On lance aussi un programme de 10 milliards de livres consacré à l'achat d'obligations d'entreprises non financières. Au CPM, cela a entraîné une voix dissidente.

Enfin, on crée une nouvelle initiative de 100 milliards de livres pour le financement à court terme des banques à un taux près du taux directeur. On veut ainsi s'assurer que les institutions jouent leur rôle de courroie de transmission de la politique monétaire en refilant aux emprunteurs la baisse du taux directeur, sans trop pénaliser les déposants qui ont déjà un rendement quasi nul sur leurs épargnes.

Il s'agit là d'une mesure originale pour éviter que les institutions financières parquent leurs réserves excédentaires à la banque centrale, comme c'est arrivé avec les initiatives de DQ lancées par la Réserve fédérale américaine, entre 2009 et 2014.

Les marchés financiers ont réagi à ces annonces-surprises : la Bourse a grimpé, tandis que la livre sterling a reculé face à la plupart des devises. Mercredi, elle s'échangeait contre 1,7440 dollar canadien. Jeudi, c'était 1,7116.

La Banque a aussi indiqué qu'une majorité des membres du CPM sont disposés à abaisser tout près de zéro le taux directeur en novembre, si nécessaire. Un taux négatif, comme au Japon, en zone euro, en Suisse, en Suède ou au Danemark, est toutefois exclu.

Les voix dissidentes jugent qu'il n'y a pas encore assez d'indicateurs économiques pour sortir tout de suite l'artillerie lourde.
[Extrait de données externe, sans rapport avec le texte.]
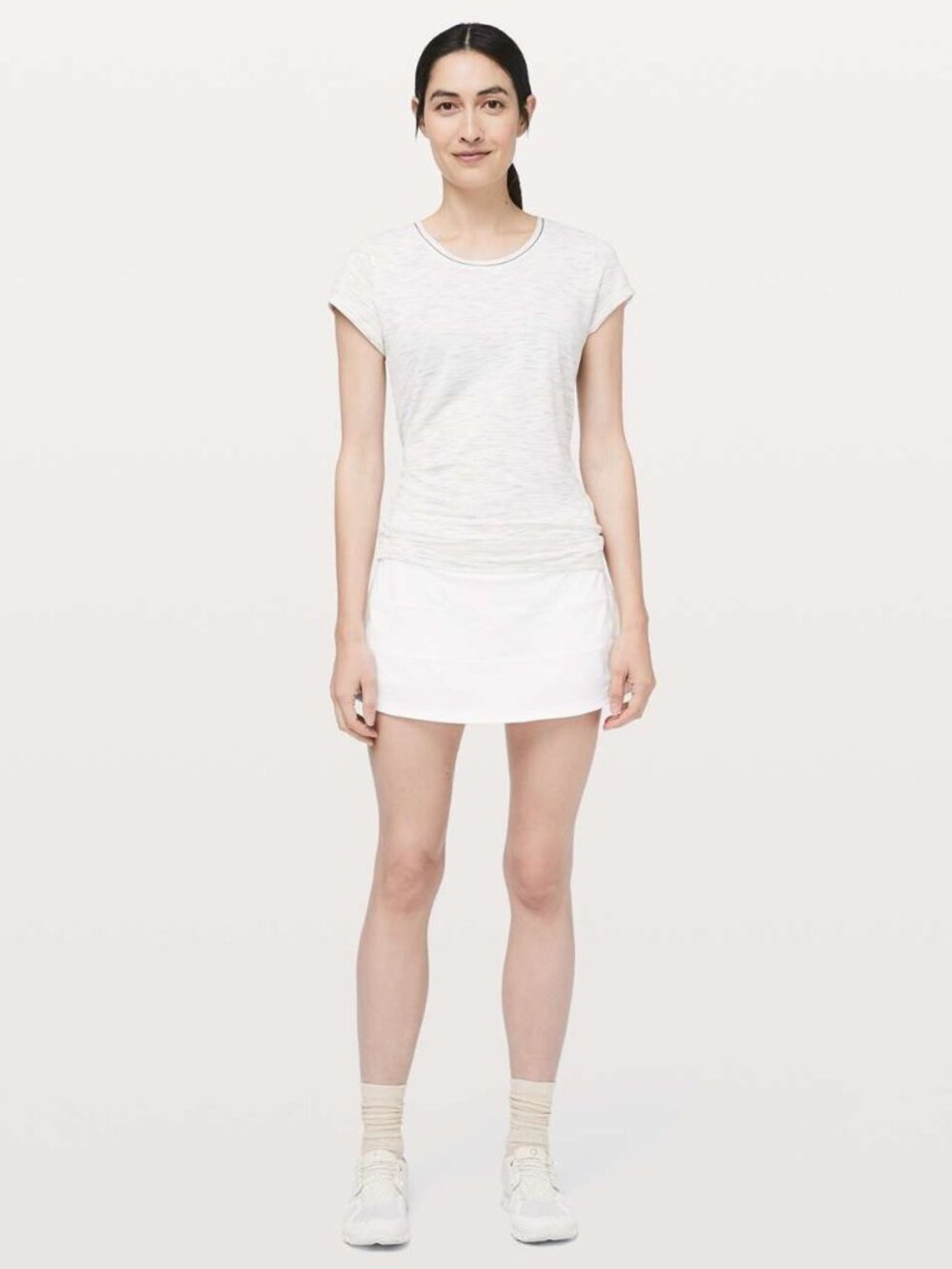 White Lululemon Pace Rival Skirt (Regular) *4-way Stretch 13" Size 8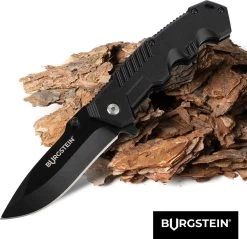Couteau De Poche Burgstein® Plein Air "Black Combat" - Lame Extra Tranchante En Acier Inoxydable Multi-trempé Titane, Couteau à Une Main, Couteau Pliant. 14 Couteau De Poche Burgstein® Plein Air "Black Combat" - Lame Extra Tranchante En Acier Inoxydable Multi-trempé Titane, Couteau à Une Main, Couteau Pliant. -Magasin D'Équipement De Plein Air 1200x1159 9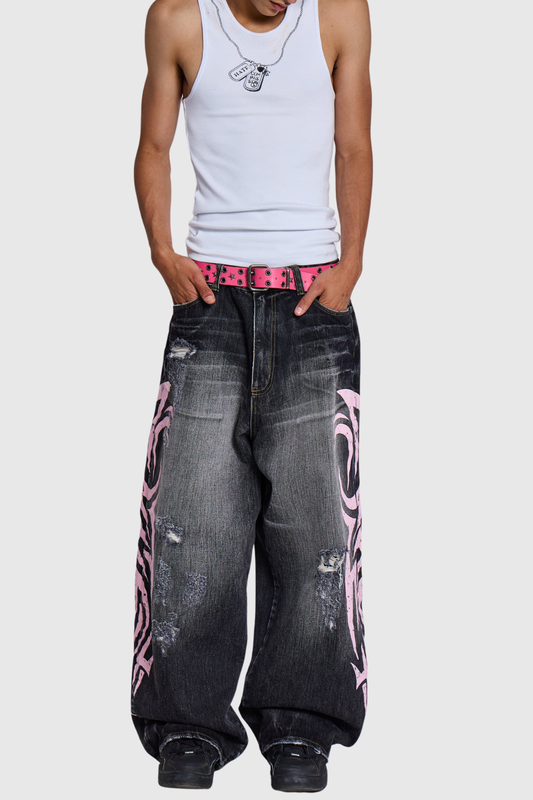 Violaine Blade Print Colossus Jeans - Black
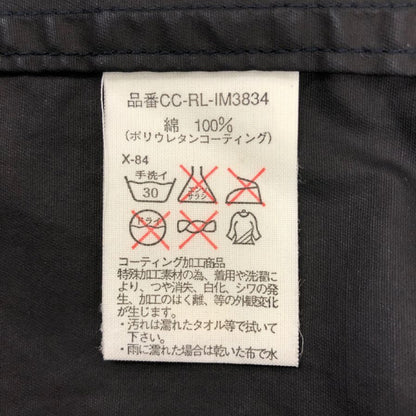 中古◆ポロ ラルフローレン ステンカラーコート ネイビー メンズ サイズM Polo Ralph Lauren 【AFB11】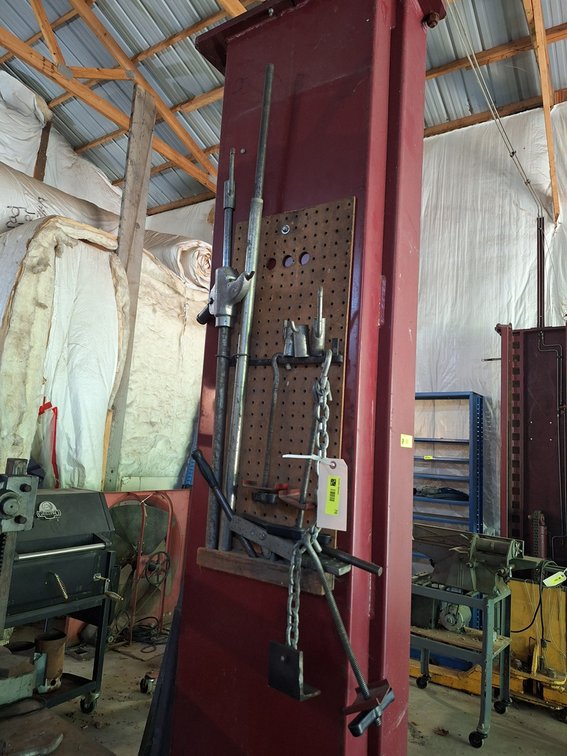 Assorted Tools on side of hoist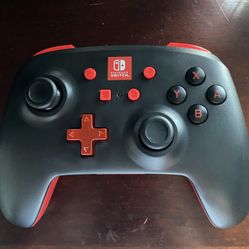 Nintendo Switch PowerA Enhanced Wireless Bluetooth Controller Black/red 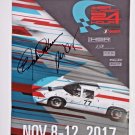 2017 HSR Classic 24 Hour elliot forbes-robinson Autographed Souvenir Program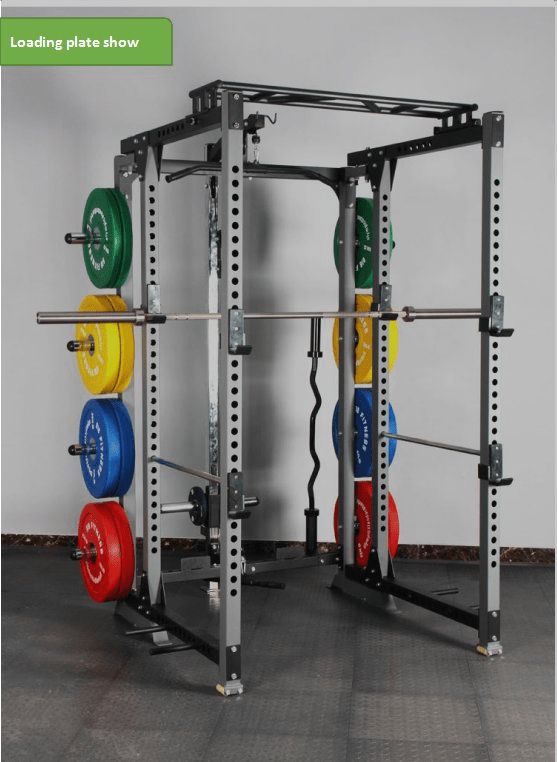 Hot Sale Adjustable Power Rack Gym Exercise Squat Rack Foldable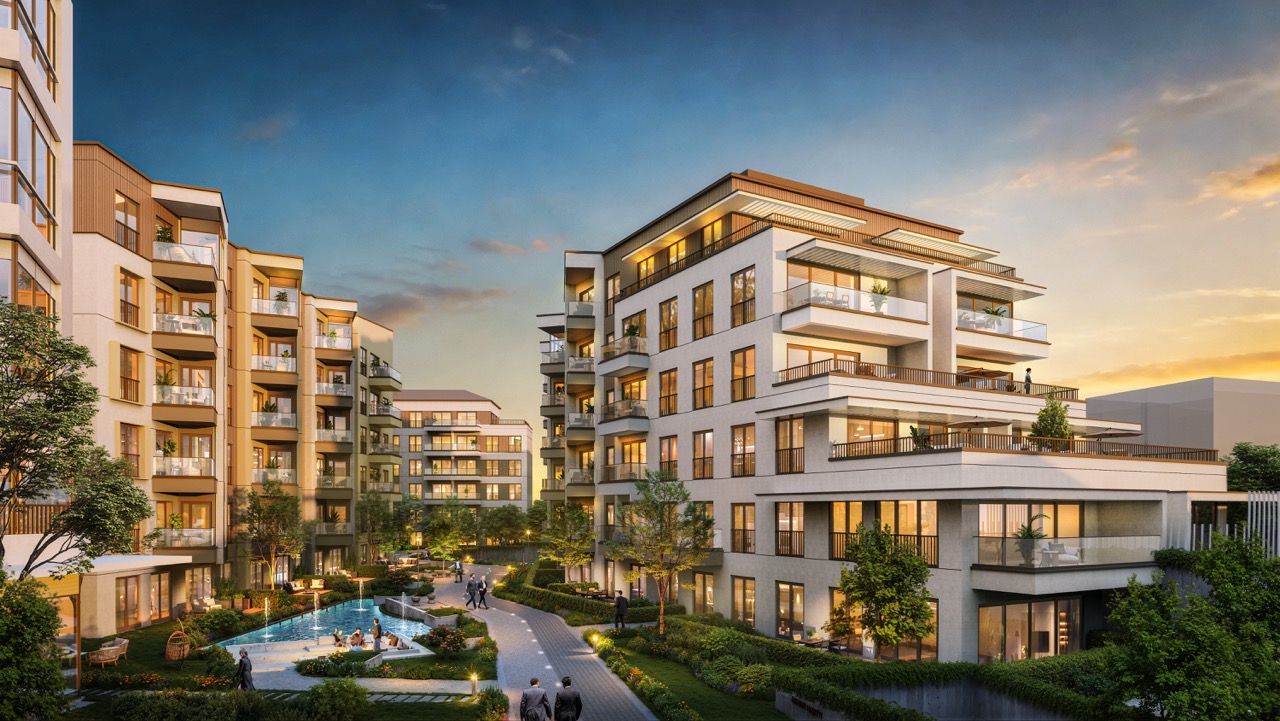 Apartments in a low-rise complex 100 metres from the Golden Horn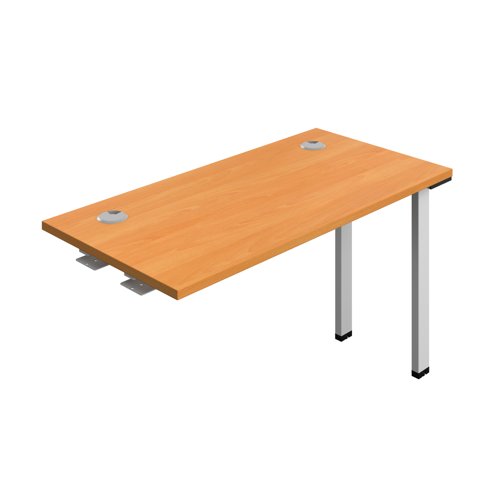 Synergy Bench Extension with Cable Ports: 1 Person (FSC) : 1200 600 Beech/Silver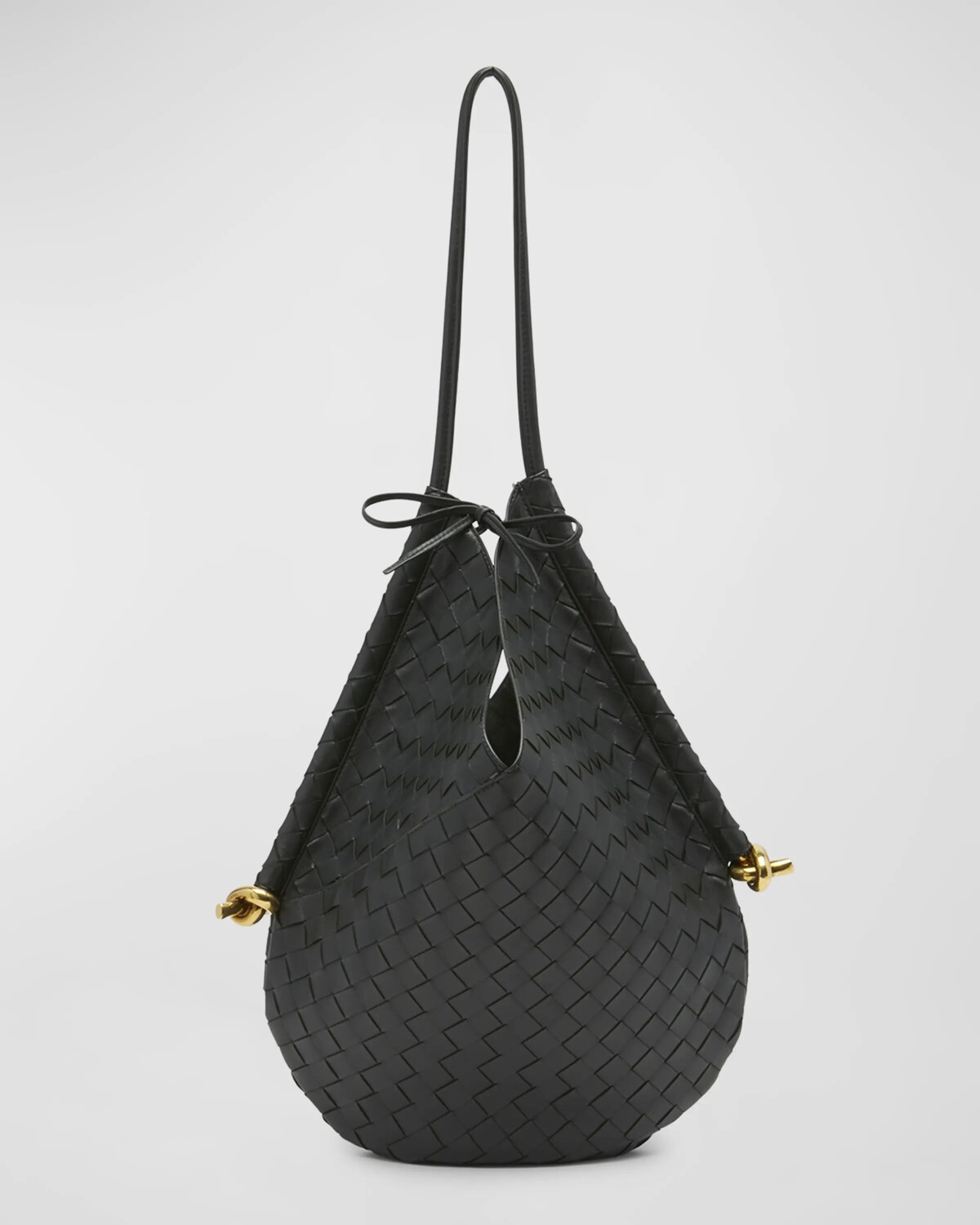 

Средняя сумка Солнцестояния Bottega Veneta, цвет Dark Green Brass
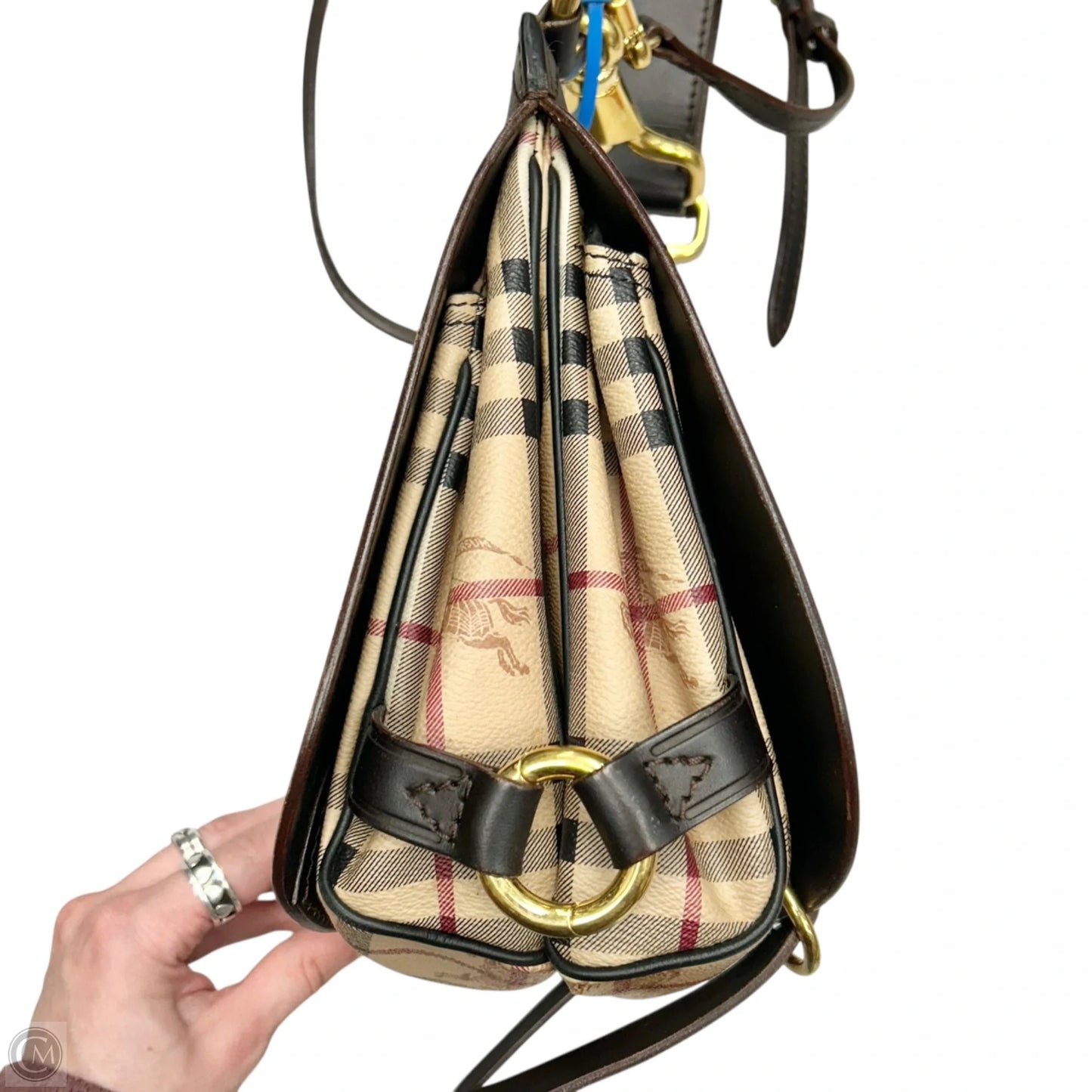 Crossbody Luxury Designer By Burberry, Size: Medium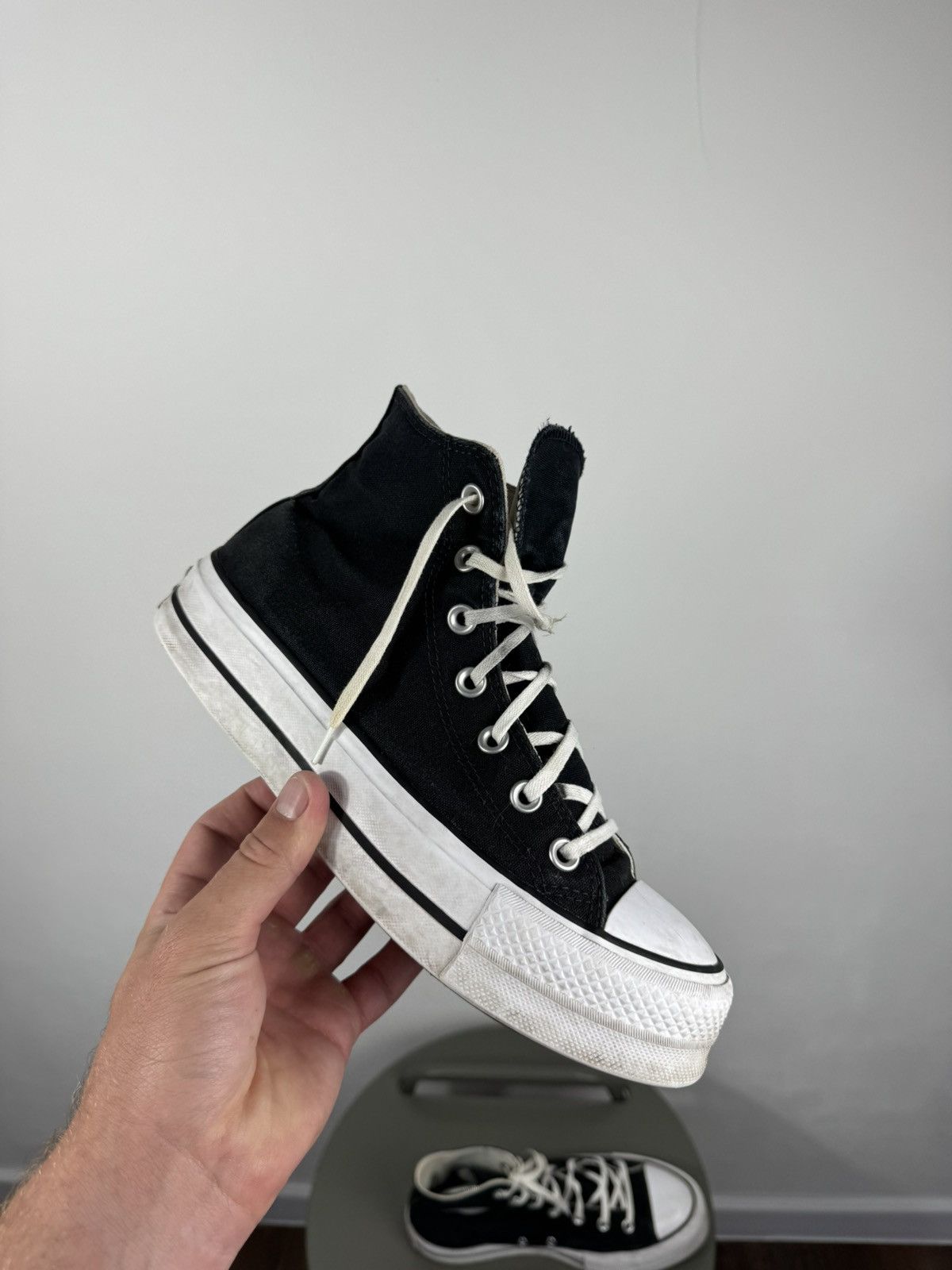 Converse Converse Chuck Taylor All Star Platform High Top EU 39.5 Size US 8.5 / IT 38.5 - 18 Thumbnail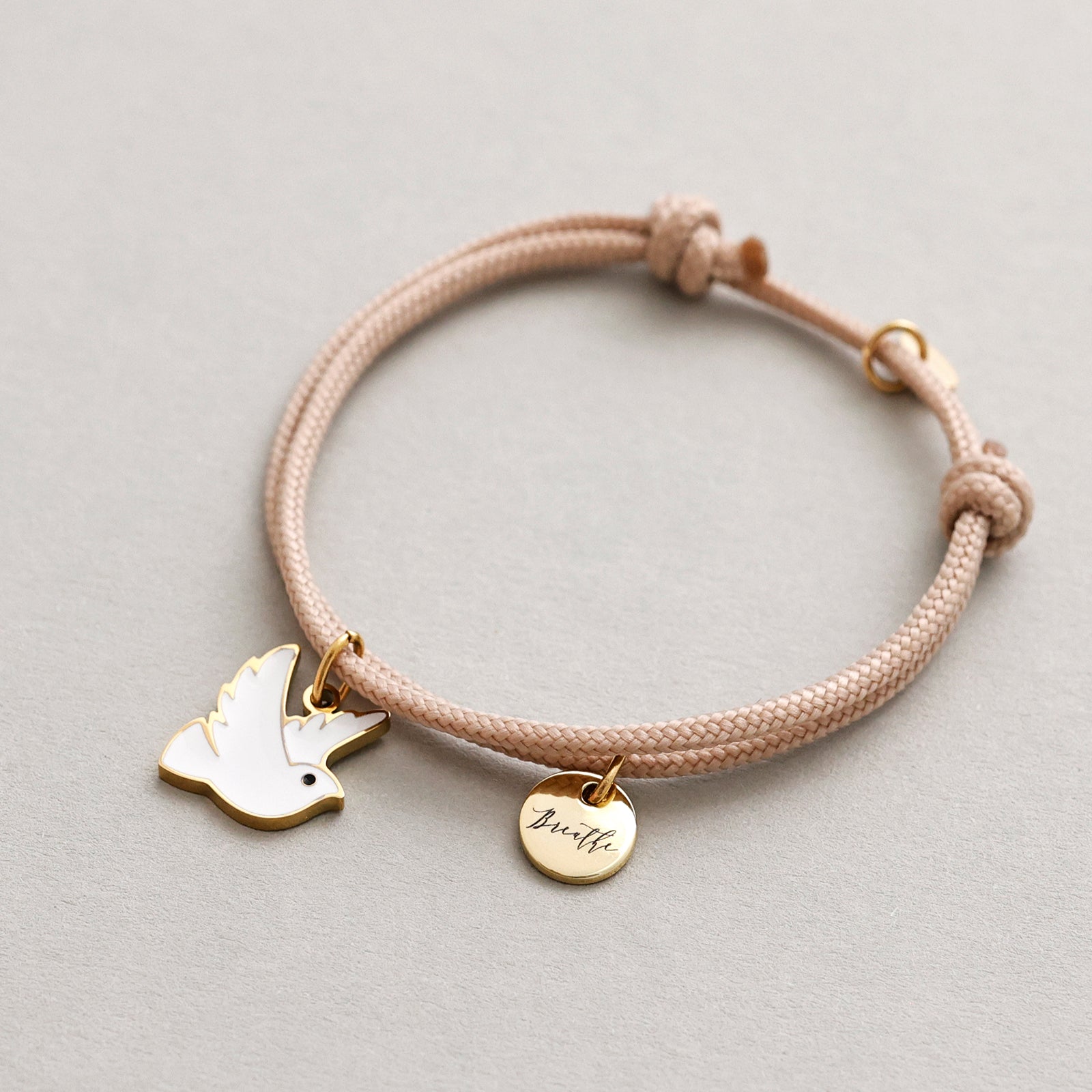 Friedenstaube Armband - Personalisiertes Armband - Peace Armband - Geschenk für Kinder - Namensarmband - Freundschaftsarmband - AE014 - VIVIANNASCHMUCK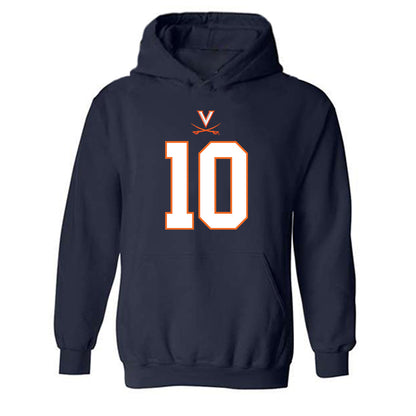 Virginia - NCAA Football : Daniel Kaelin - Hooded Sweatshirt-0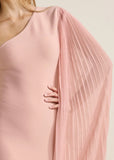 One Shoulder Bandage Dress Pink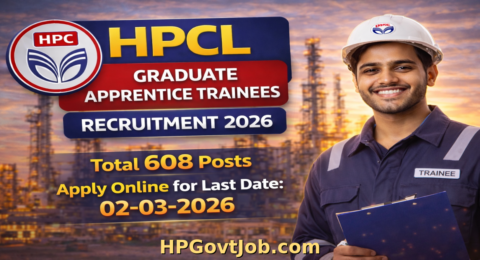 HPCL Graduate Apprentice Trainees Recruitment 2026 - Apply Online for 608 Posts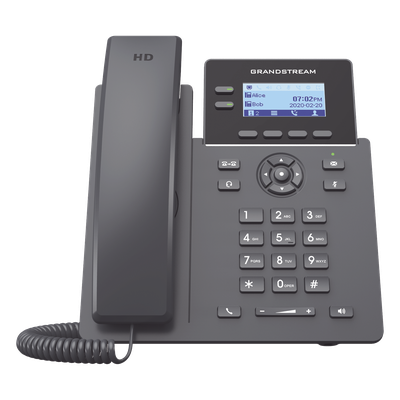 Teléfono IP Grandstream GRP-2602P 2 Líneas SIP 4 Cuentas SIP PoE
C'est sans doute aussi ce que croit le chancelier de l'échiquier (l'équivalent du ministre des Finances) Philip Hammond, peu pressé de lancer un plan de relance budgétaire d'ici l'automne, même si M. Carney lui enjoint de le faire.

M. Hammond appartient au gouvernement de Theresa May, favorable au Brexit. Il lui est donc difficile de reconnaître le choc économique que subit déjà le Royaume-Uni, selon la Banque d'Angleterre.

Les indicateurs économiques publiés jusqu'ici sont pourtant autant de signaux d'alerte : les indices des décideurs d'achat (PMI) de la fabrication, de la construction et des services sont tous passés sous la barre de 50. C'est le point de bascule entre croissance et contraction. La confiance des consommateurs est aussi fortement à la baisse.

La Banque d'Angleterre estime que le train de mesures annoncées jeudi permettra sans doute d'éviter une récession au royaume.

N'empêche. La prévision de croissance économique de 2017 est revue fortement à la baisse : de 2,3 % en mai, elle est désormais estimée à 0,8 %. Celle de 2018 est ramenée de 2,3 % à 1,8 %. Il s'agit des révisions les plus importantes en 23 ans.

M. Carney et son équipe reconnaissent que la baisse de la livre générera de l'inflation qui va dépasser la cible de 2 % au cours de la prochaine année. À tout prendre, c'est un moindre mal que de laisser s'enliser l'économie avec, à la clé, un risque de désinflation dure à endiguer.